How do you tell a basketball player you just started dating that the reason you’re dying is that you have to fart?

You don’t. You let the fart explain everything for you.

I couldn’t control it anymore. As much as I tried, it slowly escaped. Luckily, it made zero sound. Total ninja mode. I was sweating, praying to every god I knew that maybe he didn’t notice.

Then the smell hit. Not like a typical smell. More like something died, got buried, came back to life, and died again. And all of it was inside that car.

I panicked. “ROLL DOWN THE WINDOWS!” I screamed like a character in a horror movie.

“What? Why?” he asked, confused and scared.

“I can’t roll it down, unlock it! UNLOCK IT!”

“What is happening?” he said. And then he smelled it.

I saw his whole face change. His eyes got watery. “OH MY GOD, I CAN TASTE IT!” he yelled.

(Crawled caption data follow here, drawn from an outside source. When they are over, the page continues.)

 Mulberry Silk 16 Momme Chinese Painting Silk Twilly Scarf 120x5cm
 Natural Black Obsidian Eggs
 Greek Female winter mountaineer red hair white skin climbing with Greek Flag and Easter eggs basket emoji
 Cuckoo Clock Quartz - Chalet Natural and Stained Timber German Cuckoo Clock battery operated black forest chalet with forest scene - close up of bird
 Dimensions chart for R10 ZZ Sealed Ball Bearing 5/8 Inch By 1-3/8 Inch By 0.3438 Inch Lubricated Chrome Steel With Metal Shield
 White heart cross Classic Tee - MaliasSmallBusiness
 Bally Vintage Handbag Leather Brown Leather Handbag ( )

I started clawing the window like I was kidnapped. More toots started coming out, nonstop. Rob kept pressing random buttons because he couldn’t see properly through the fart fog. Instead of unlocking the window, he turned on the windshield wipers.

Pure chaos.

Finally, he managed to open the windows. We both inhaled fresh air like we almost died. I was mortified. I mean, what kind of person gasses the guy she likes this much?

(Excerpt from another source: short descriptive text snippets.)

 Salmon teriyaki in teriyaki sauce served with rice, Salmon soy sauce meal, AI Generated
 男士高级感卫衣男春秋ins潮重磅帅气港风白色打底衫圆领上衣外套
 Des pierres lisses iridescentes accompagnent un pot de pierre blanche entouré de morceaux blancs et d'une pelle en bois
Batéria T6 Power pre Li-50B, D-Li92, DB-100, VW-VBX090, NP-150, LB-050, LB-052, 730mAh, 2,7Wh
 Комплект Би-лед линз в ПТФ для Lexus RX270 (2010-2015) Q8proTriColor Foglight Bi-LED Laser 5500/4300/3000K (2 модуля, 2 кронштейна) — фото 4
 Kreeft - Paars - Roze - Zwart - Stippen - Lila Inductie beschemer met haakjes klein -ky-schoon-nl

The rest of the ride was silent. I still had to rush to the bathroom, and trust me, the situation was getting dangerous.

He stopped outside my place and before the car fully stopped I jumped out. “Ok thanks bye sorry for the fart love the shoes!” I said and ran inside like the cops were after me.

I practically busted through my door and sprinted to the bathroom where I unleashed noises that should honestly never be heard by any human being.

Then I heard his voice right outside the bathroom.

“Anna? You left your shoes in my car. Your door was open. Where should I put them?”

“GET AWAY FROM THE DOOR!” I yelled.

“Are you okay?”

Toot. Toot. Splatter. Whatever-that-sound-was.

“I’m fine, Rob, just leave the shoes. I’ll call you later!”

“Are you sure, because you sound like…”

“I’M FINE! GO!”

Finally, he left. I thought that was it. No man should come back after tasting a fart that wasn’t even his fault.

But he did come back. Two days later. And somehow we ended up married. Right now, he’s lying on the couch while I’m typing this, and he just said, “It was your rack that saved you.”

Well… thank you, boobs. You saved the game. You saved the destiny.